Arief Tandang
(Mahasiswa IFTK Ledalero. Tinggal di Unit Yosef Freinademetz)
Katoliknews.com – Yosfrei, begitu para biarawan SVD (Societas Verbi Divini/Serikat Sabda Allah) sering menyebut (menyingkat) nama Yosef Freinademetz, seorang misionaris sulung dan ulung dalam Kongregasi Sabda Allah.
Yosfrei dikenal sebagai misionaris perdana dalam SVD. Ia meletakkan fondasi yang mengagumkan bagi karya misi Gereja di Asia Timur, khusunya China.
Ia meninggalkan tanah kelahirannya Oies, Tyrol Selatan, Italia Utara untuk menyatu sampai mati di tanah misi, China.
Di tanah misi–dengan kultur yang baru–Yosfrei pertama-tama menjiwai dirinya dengan satu bahasa universal, bahasa yang menerobos sekat-sekat partikular, bahasa tiada batas material, ialah bahasa cinta (language of love).
Bagi Yosfrei, bahasa cintalah yang paling dapat dimengerti oleh semua bahasa manusia dari berbagai kalangan dan latar belakang berbeda sekalipun.
Bahasa itu pula yang menjadi moto penggerak misi pelayanannya selama di tanah misi: ”Love is the only language that everyone understands”.
Mempersiapkan perjalanan misioner selama kurang lebih 30 tahun, Yosfrei mulai belajar bahasa Mandarin dan dialek Hakka–bahasa orang Hakka, suku Han yang tersebar di kawasan pegunungan Provinsi Guangdong, Fujian dan Guangxi di China–mengenakan pakaian China, dan mulai menulis katekismus dalam bahasa China.
Track record-nya di China memberi sejumlah gambaran yang, hemat saya, murni sebagai pelayan. Ia bahkan tidak memilih menjadi imam yang melanglang buana dengan kendaraan mewah. Ia bukan imam yang enggan “melipat jubah” seusai misa dan khotbah.
Akan tetapi, ia adalah imam yang memilih berdebu-debu di pasar ketimbang necis di altar; imam yang, mengutip Paus Fransiskus, menjadi “gembala berbau domba”, mengakar dalam situasi umat dan hidup, tertawa, serta menangis bersama umat.

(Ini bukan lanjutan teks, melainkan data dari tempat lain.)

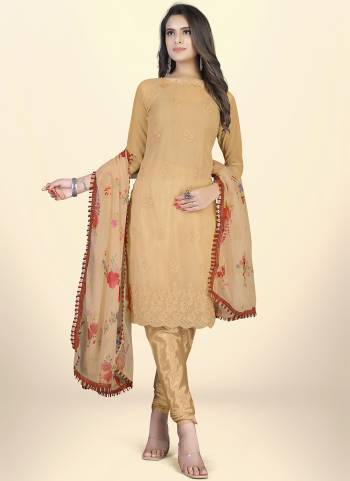 Grab These Suit in Fine Colored Pair With Bottom And Dupatta.These Top Are Georgette And Dupatta Are Fabricated On Georgette Pair With Santoon Bottom.Its Beautified With Santoon Bottom.Its Beautified With Designer Embroidery Work,Printed Dupatta.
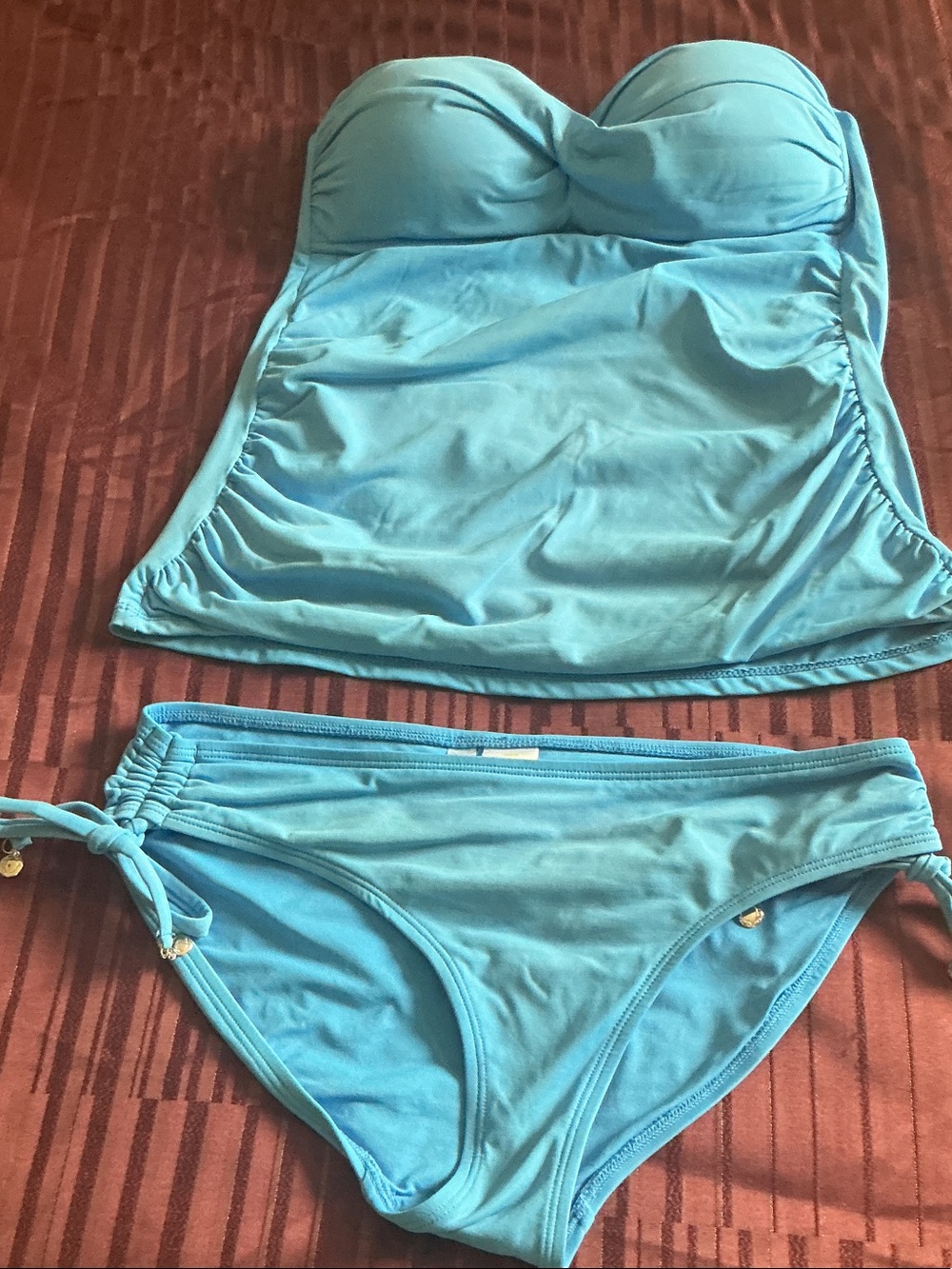 Anne Cole Turquoise Blue Tankini Bikini Set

Yosfrei sudah membuktikan kualitas itu dengan baik. Ia memberi teladan untuk karya misi Gereja universal, para misionaris di seluruh dunia, terutama misionaris dan calon misionaris SVD sejagat.
Sekarang, di tengah zaman kian modern, model-model misi mungkin saja sudah berbeda. Namun, hemat saya, perubahan zaman tidak serta merta menggantikan spirit misioner seperti telah dibangun Yosfrei di China.
Zaman boleh berubah, tetapi komitmen misi, spiritualitas pelayanan tetap serupa dan mengarah kepada Allah dengan cara-cara “mengumat” dan berkarakter dengan situasi umat, sebagaimana Yosfrei buktikan di medan asing.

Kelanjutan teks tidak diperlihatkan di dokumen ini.